Large volume metrology measurements are conducted at every major phase of alignment and integration of large scale extraterrestrial instruments, for example, the Integrated Science Instrument Module which forms the main payload of the James Webb Space Telescope at NASA Goddard Space Flight Center. Placement of components within large scale assemblies may require precisely locating metrology targets and predicting locations of targets that may be out of view. A network of both ambient and cryogenic metrology measurements may be used to verify that components of the large scale extraterrestrial instrument and ground support equipment conform to the predicted position and orientation at various integration and alignment states. The combining of multiple location and orientation measurements and their uncertainties from the network of different metrology instruments may be accomplished using various data gathering and data analysis tools or programs. The resulting measurements and their uncertainties constitute a metrology calibration database for a particular test configuration.
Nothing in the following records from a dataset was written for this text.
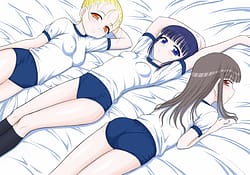 Page 2: 001.jpg | 今更なんですが女の子はいつも狙われていますS＋ | View Page!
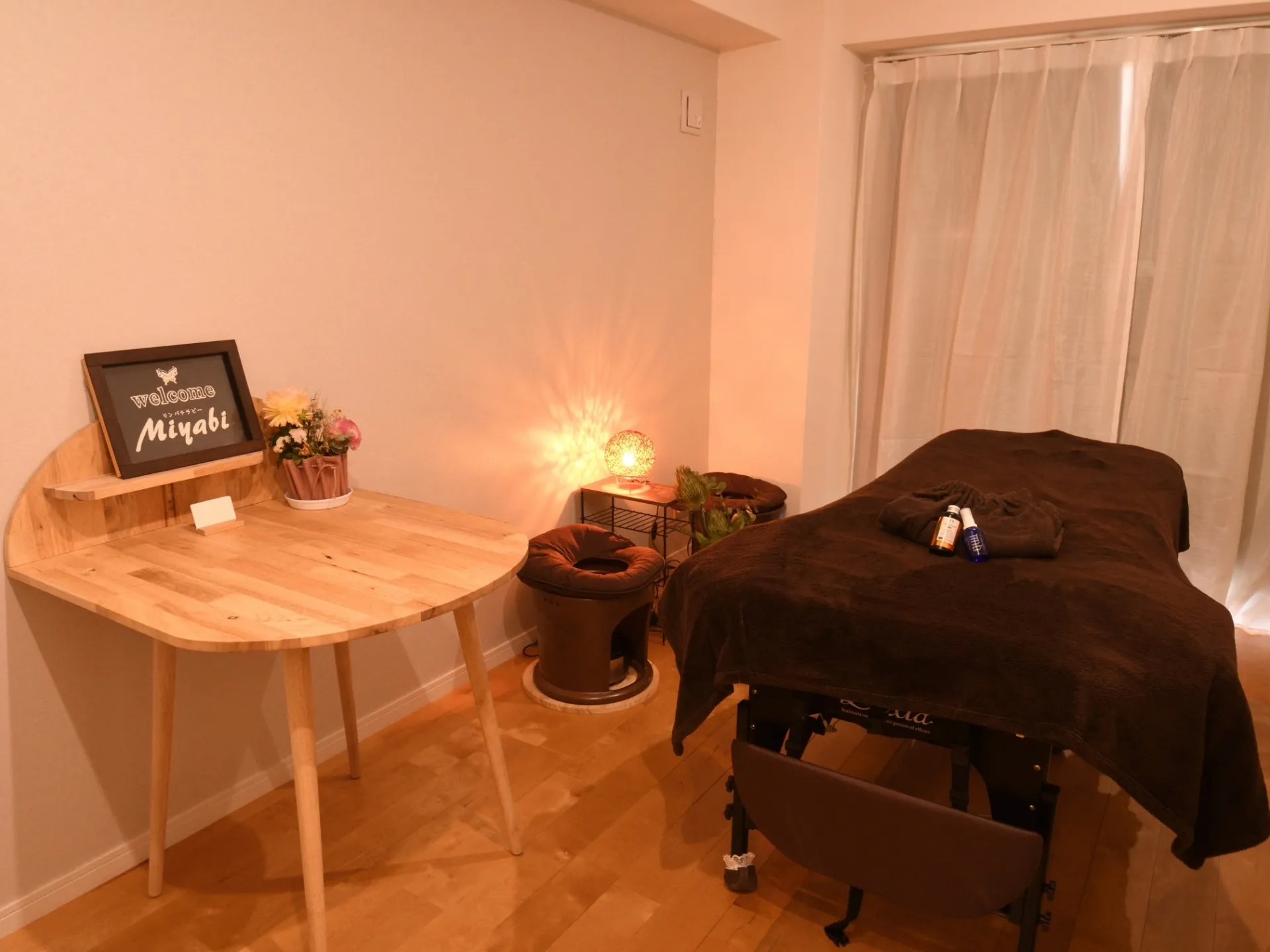 施術後にお客様からいただいたご感想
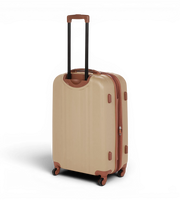 Sonada Upright 3 Piece Polycarbonate Luggage Set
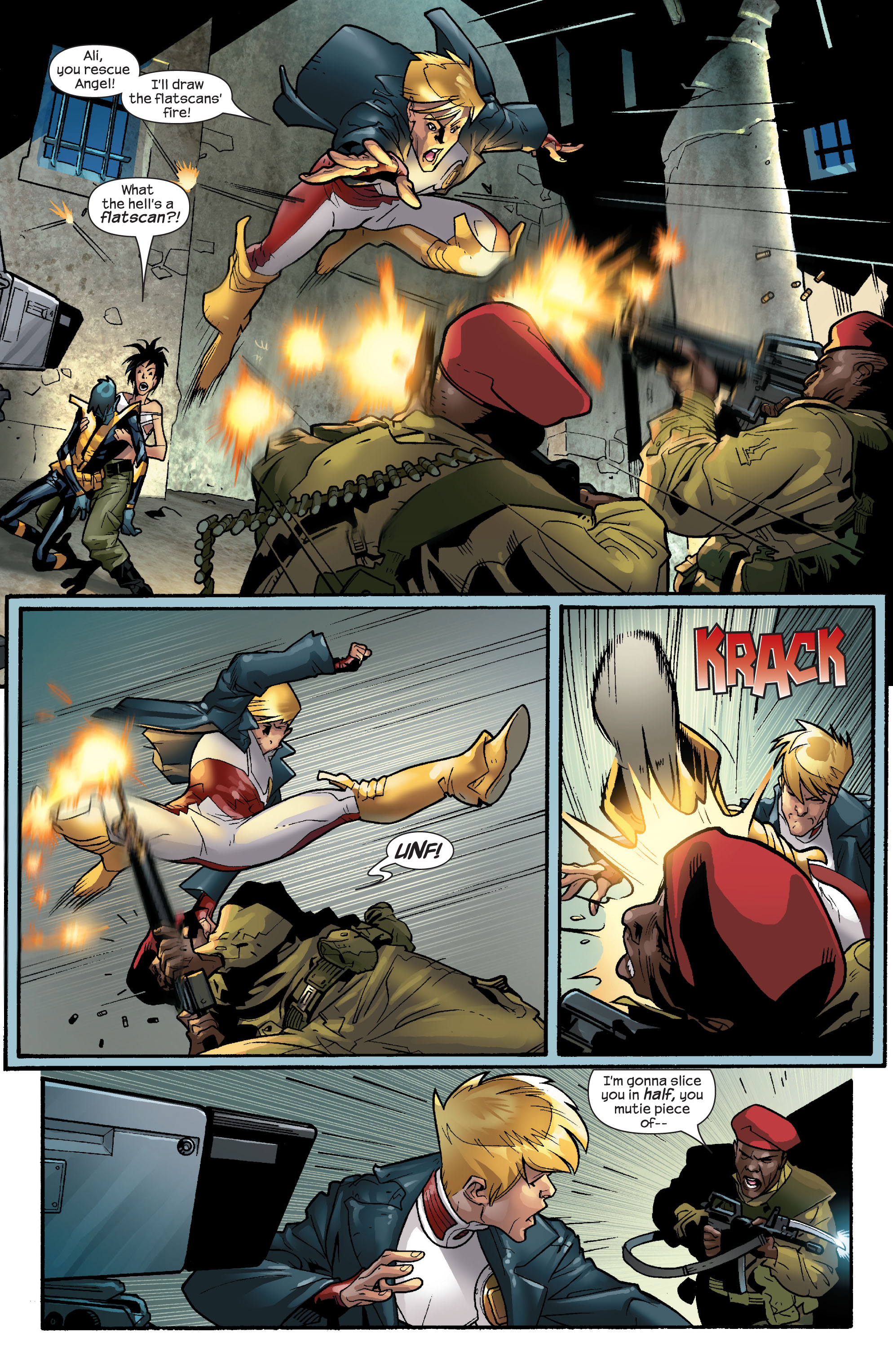 Ultimate X-Men issue 57 - Page 8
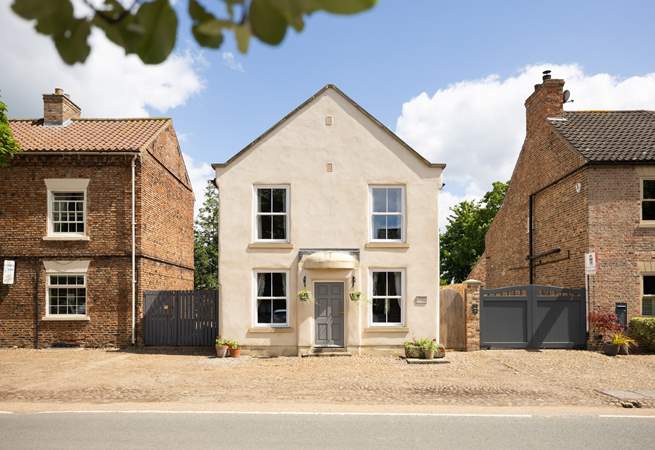 It really was the old Post Office in years gone by. 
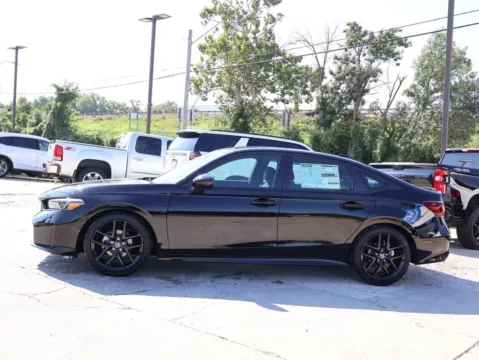 More photos of 2026 Honda Civic Sedan Sport at Jay Wolfe Honda, MO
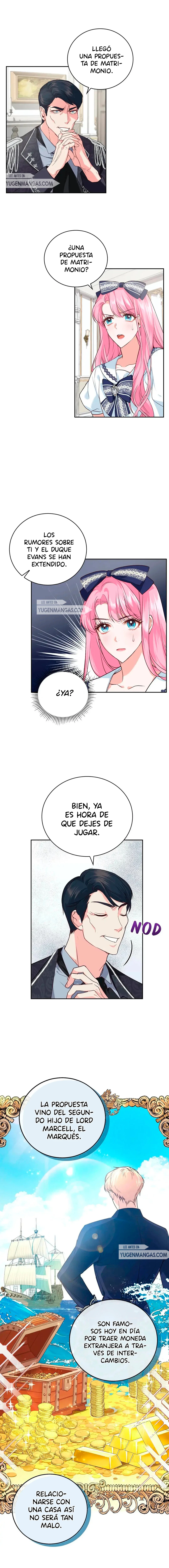 La Perfumista del Tirano - Capítulo 6 - Página 1 - LectorTMOo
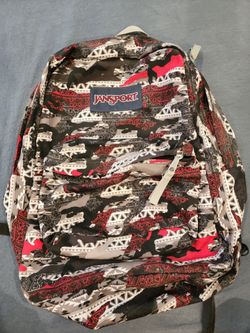 Backpack (Jansport)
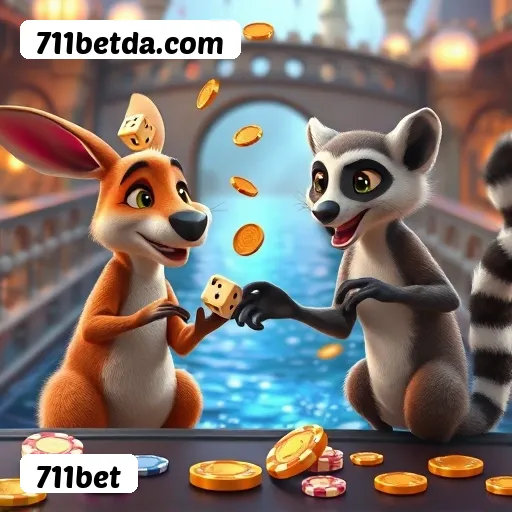 Tabela RTP dos jogos de cassino da 711bet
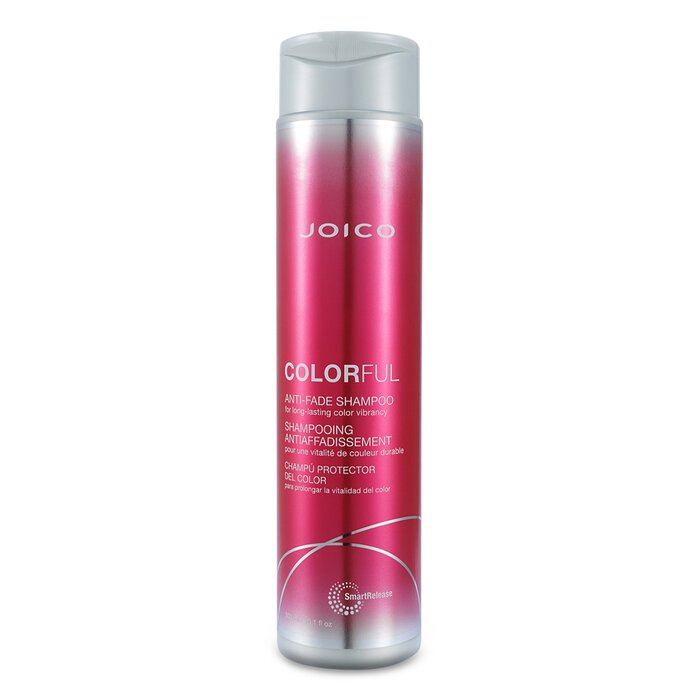 Joico ColorFul Anti-Fade Shampoo (For Long-Lasting Color Vibrancy) 300ml
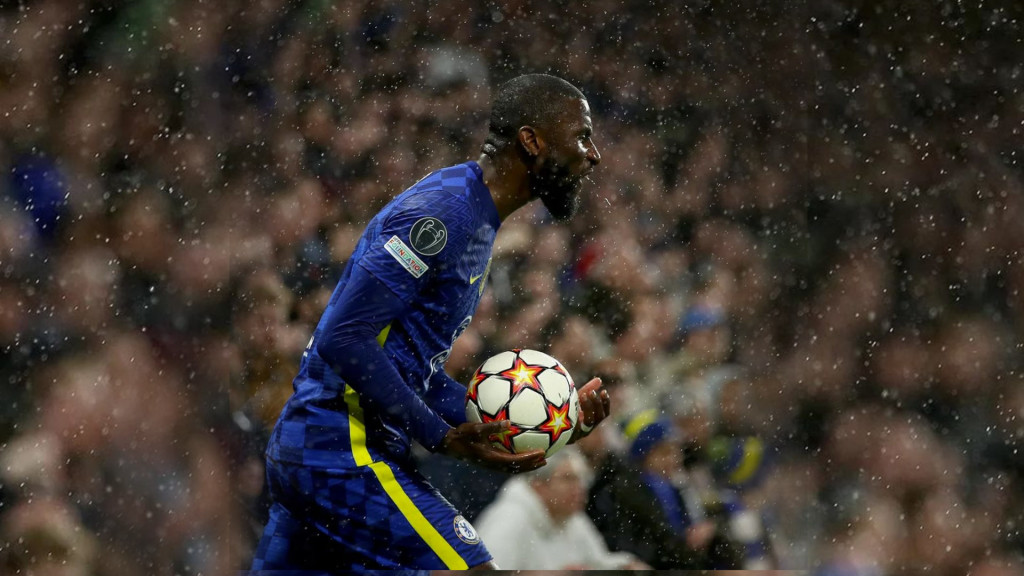 Antonio Rudiger Segera Bergabung dengan Real Madrid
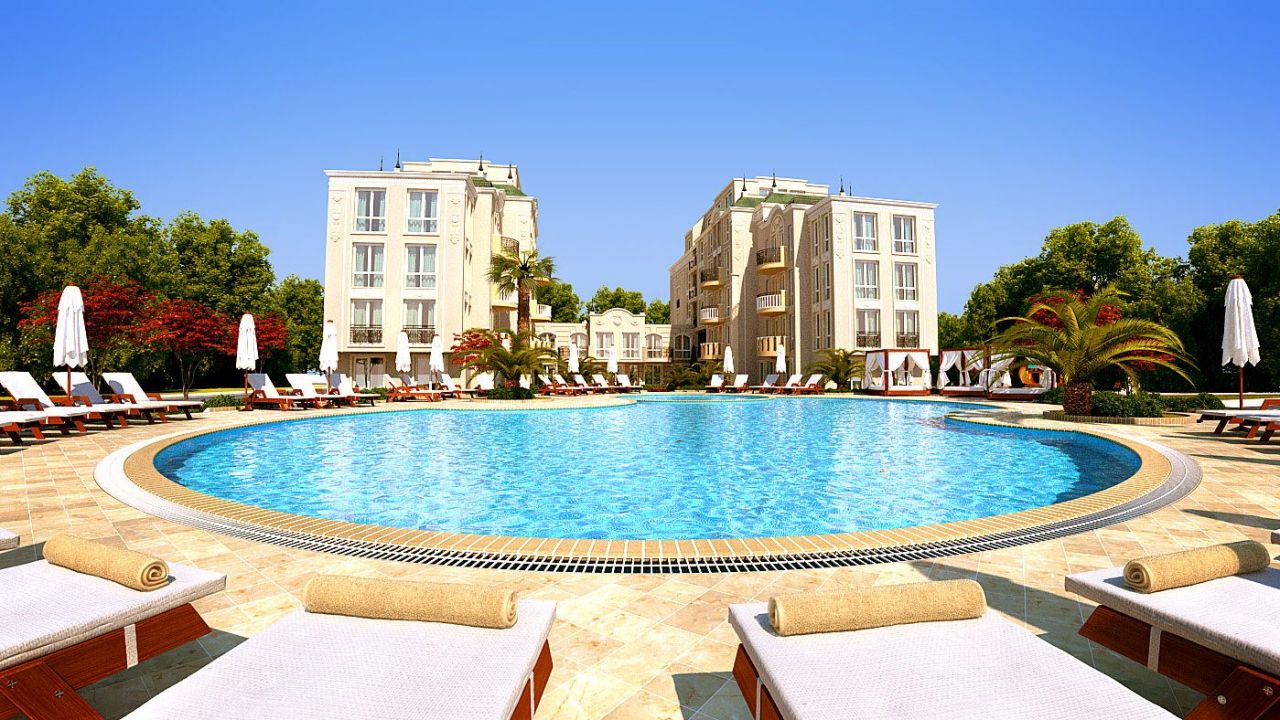 Квартира в Равде, Болгария, 70 м2 - фото 8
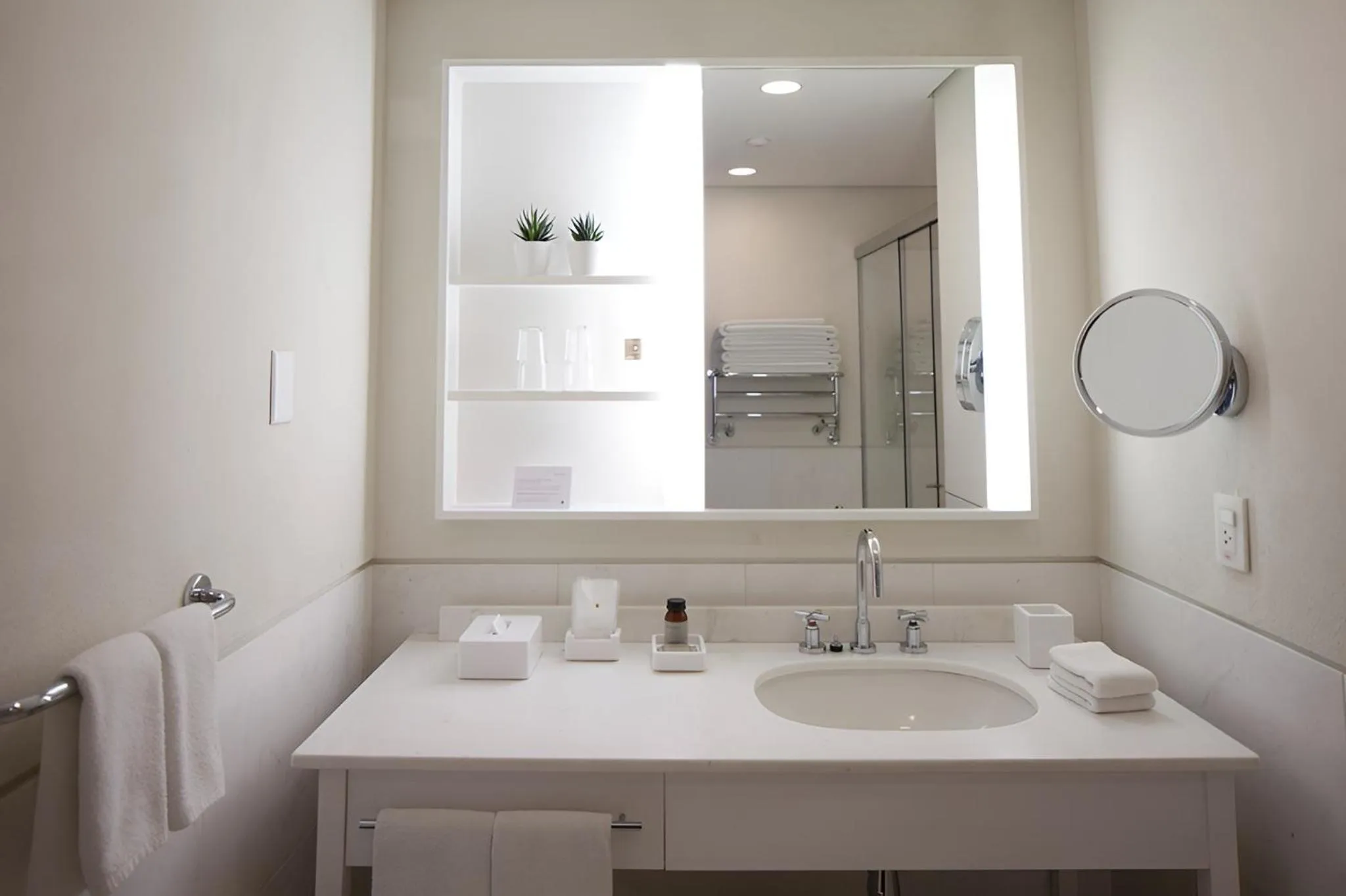 Bathroom in Hotel Fasano Sao Paulo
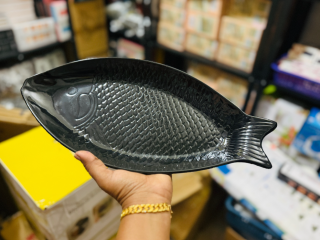 FISH SHAPE PLATE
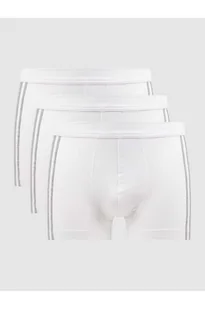 Obcisłe bokserki z dodatkiem streczu w zestawie 3 szt. - Schiesser - Majtki damskie - miniaturka - grafika 1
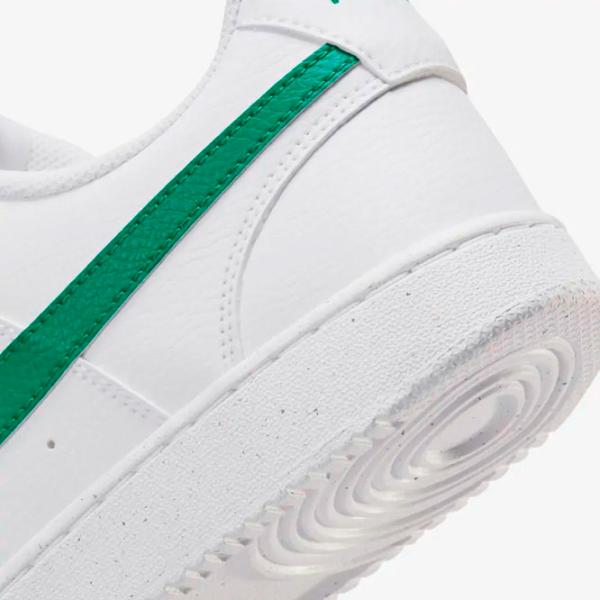 Ghete pentru bărbați Nike Court Vision Low Nn 45.5 / White photo 8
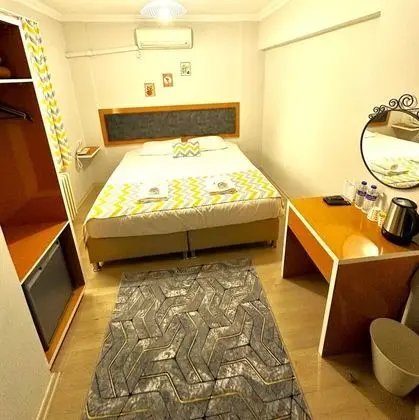Standart Çift Kişilik Oda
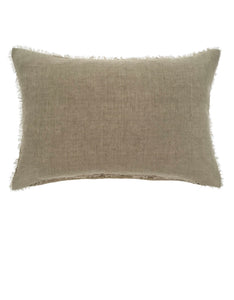 16x24 Linen Cushion-Asst Colors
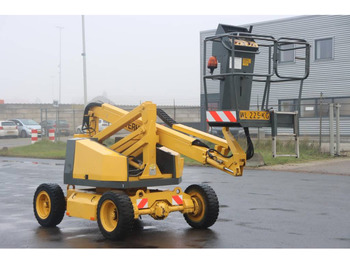 Simon Boxer 130 - Коленчатый подъемник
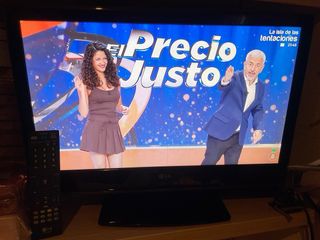 Televisor LG 24” Pulgadas (Negro)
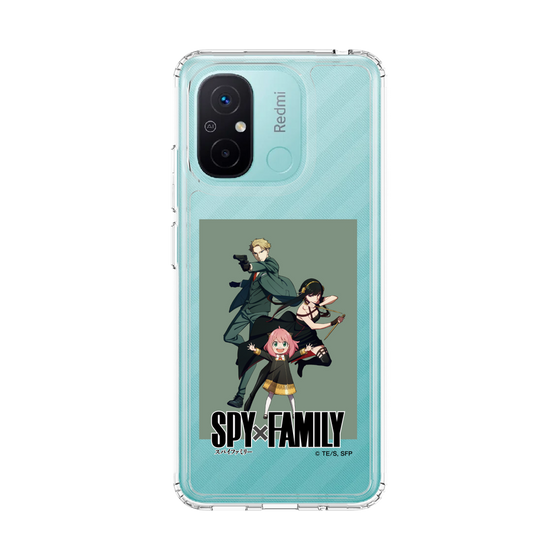 スリムプロテクションケース［ SPY×FAMILY - フォージャー家 - 通常2 ］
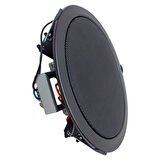 MAGICVOICE MV-19475 13CM 3/6W ALÇIPAN HOPARLÖR SİYAH (METAL KASA) TRAFOLU  GO50602594680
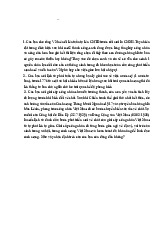 Ngân hàng câu hỏi LSĐ. Trường đại học Nguyễn Tất Thành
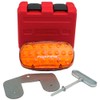 FOXFIRE FLLK-A Logger Lite Kit for Vehicle Safety, Logging Trucks,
Best-fit transformations are routinely used in metrology to adjust the position and orientation of points, objects, coordinate systems, and measurement instruments. A best-fit spatial-transformation, however, transforms nominal targets without regard to the uncertainty in those targets. In principle, it is possible to apply hundreds of transformations back-and forth between common targets in two different databases with only negligible round-off error when using double precision operations. In practice, however, there is an accuracy penalty associated with applying a transformation to common measured targets that is dependent on the uncertainty in those targets.
Monte Carlo simulations are routinely used in the aerospace and other industries to explore the sensitivity in the output of complex systems by iteratively varying the input parameters within statistical limits. These complex systems can be mathematical or physical in nature and usually contain multiple coupled degrees of freedom where closed-form solutions are difficult or impossible to obtain. A Monte Carlo approach is well suited to characterizing the sensitivity of transformed 3D-points because of the nonlinearity associated with a composite rotation matrix.